Orme would send inquisitors even higher up the food chain. "Have the journalist do the dialogue with the CEO on business strategy and how effective some of these technology 'solutions' have or have not been."
"Ultimately, these projects are business projects," van den Assum agrees, "So why doesn't the business leader talk about the project? I'm a believer that the CIO role will eventually disappear." This might, he says, foreshadow a future in which there'll be greater transparency, "But it'll be the business talking about the transformational challenges, rather than the CIO."
Che Guevarra's kindred spirits
It's heartening the CIOs in two of the most high-pressure jobs in the country, at Telecom and Fonterra, far from having become jaded over time, are as excited about their roles as ever. But both stress it's business that motivates them, not technology.
"I classify myself as a revolutionary," says van den Assum. "I've got the Che Guevarra t-shirt. From the information revolution perspective, I'm just as excited about the revolution as I've always been."

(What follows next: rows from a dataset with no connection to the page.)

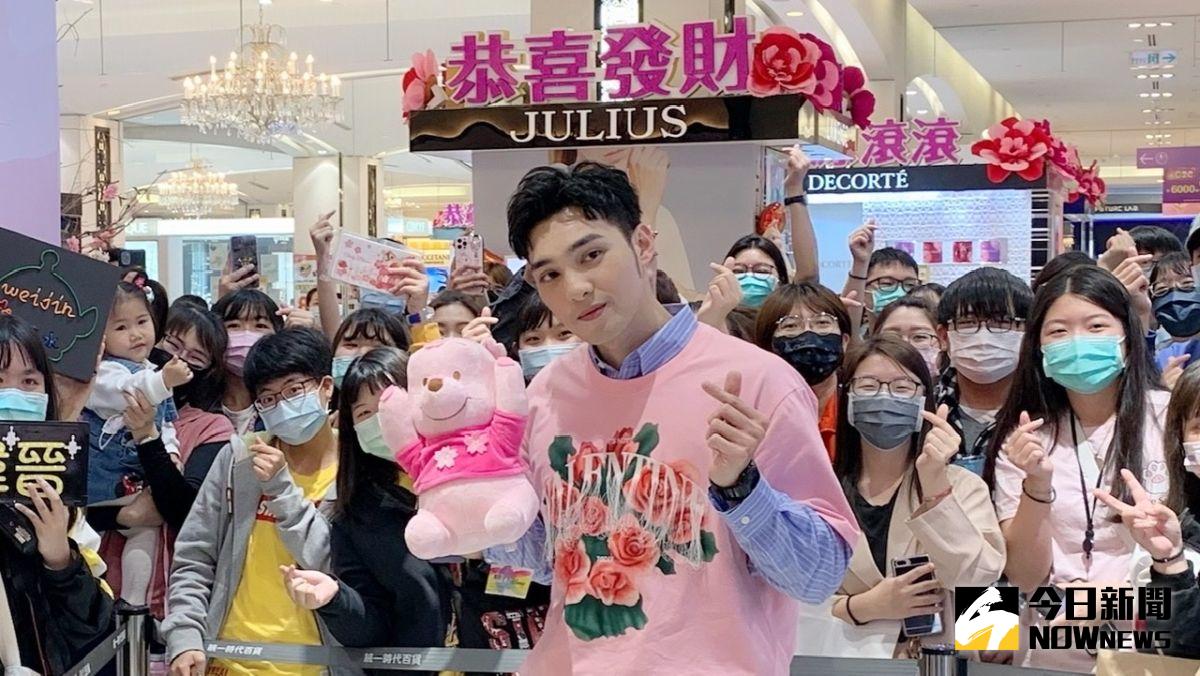 ▲迪士尼粉萌季期間限定店」國民男友黃偉晉到現場與粉絲互動。（圖／記者陳美嘉攝，2021.02.24）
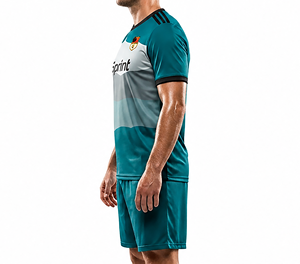 Ensemble de maillots de football imprimés au design tendance, uniforme unisexe de haute qualité, 100% polyester, logo personnalisé, vente en gros - Product Image 5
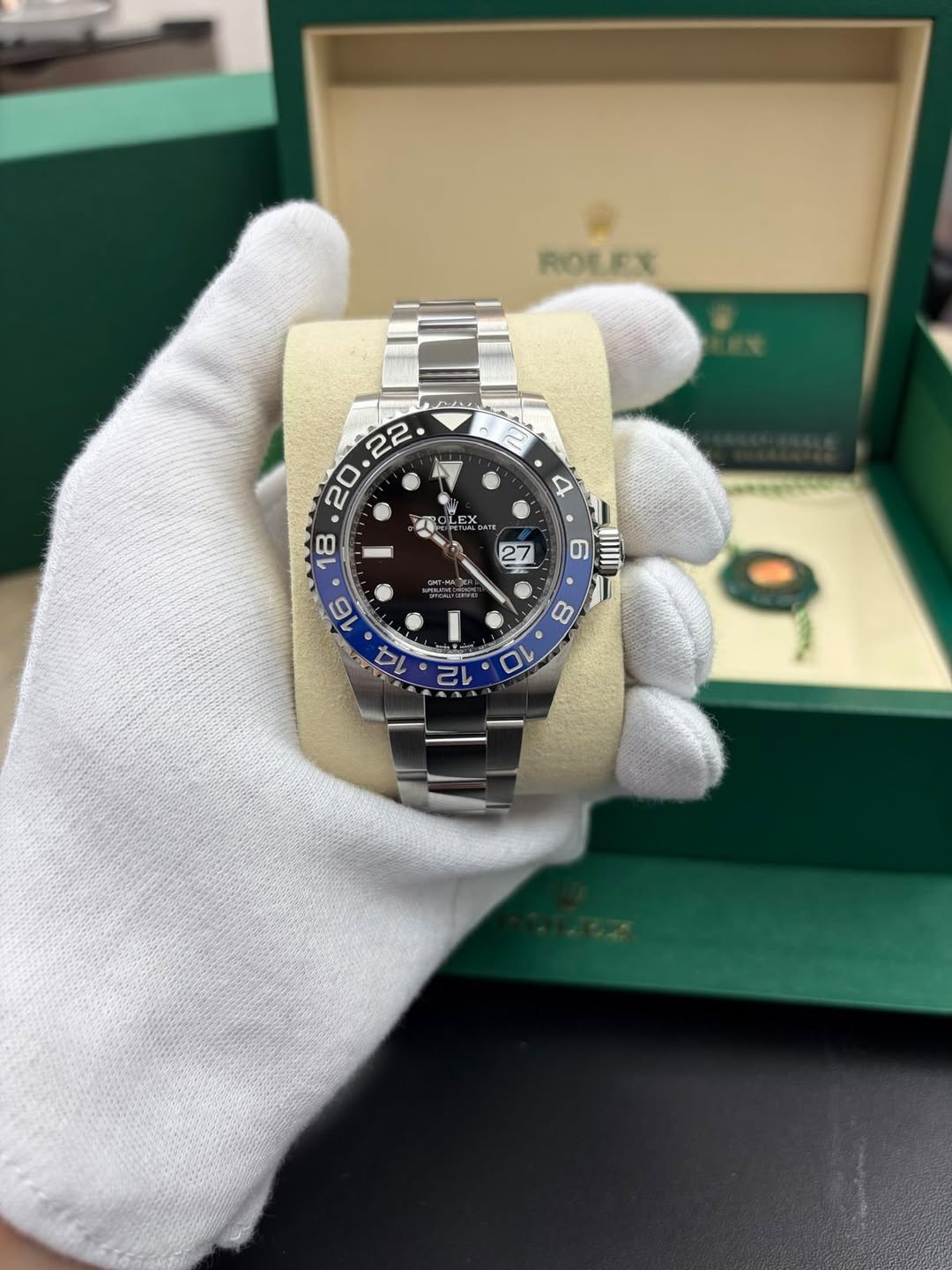 May be an image of wrist watch and text that says 'ROLEX ا LE LEX ااااللا '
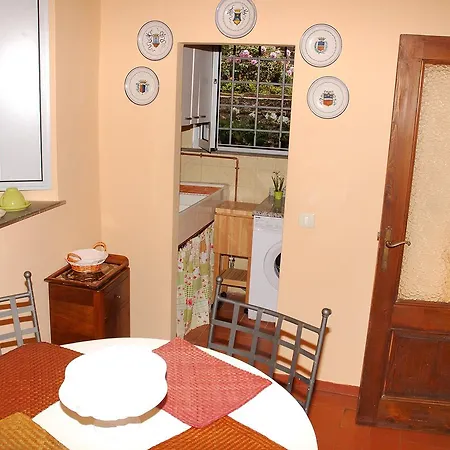 House With Private Garden In Cortona's Town Centre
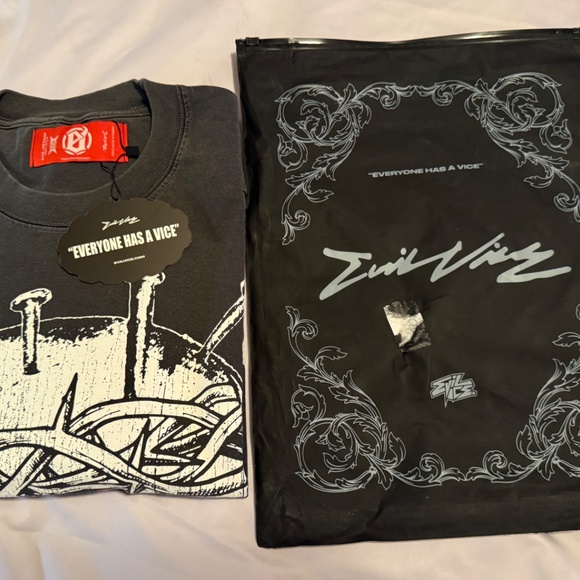 *Rare* Evil Vice Exclusive Red Tag ‘Beware’ Tee size Medium - Picture 6 of 7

"The telecommunications and IT industries are still enormously exciting industries to be in," Ratcliffe says. "Having a leadership role in them still pushes most of my buttons."
And it was when we quizzed our interviewees about technologies likely to reinvigorate the industry that they became most animated. There was a degree of concurrence, too, about which technology will yield the most benefits and help keep the shine on IT. "If you look at service industry businesses and artificial intelligence and robotics coming together, there are potentially some incredibly profound implications," says Kumove.
"The true technologies that will really drive business initiatives over the next few years are voice and video over IP and RFID (radio frequency identification). I think they'll be the next big area of hype," Snoxall says.
"RFID becomes a no-brainer when the cost of the chips comes down to the right level," Biggs agrees. "To the extent that it can replicate barcodes plus add other functionality, it's potentially very powerful."
"One of the challenges with RFID," says van den Assum, "is that tagging technology generates screeds and screeds of data. And my concern is that the industry hasn't yet cracked the fact that we're drinking out of a firehose - whether you're on the net surfing and searching and scanning or whether you're at the office trying to swallow 100 email a day."
"I've got a screen on my desk that allows me, at the press of a button, to dial up and have a desktop-to-desktop video conference with my colleagues and team around New Zealand and Australia," says Ratcliffe. "That's truly revolutionising the way I work. My experience says new waves of technology always end up taking a little longer to arrive than you thought they were going to do, and then being more profound when they do."
Wherever these technologies may be in the hype cycle, CIOs are as excited about them as they were about new trends five years ago and as mindful of the challenges facing them. Maybe that's how they succeed in polishing off any tarnish.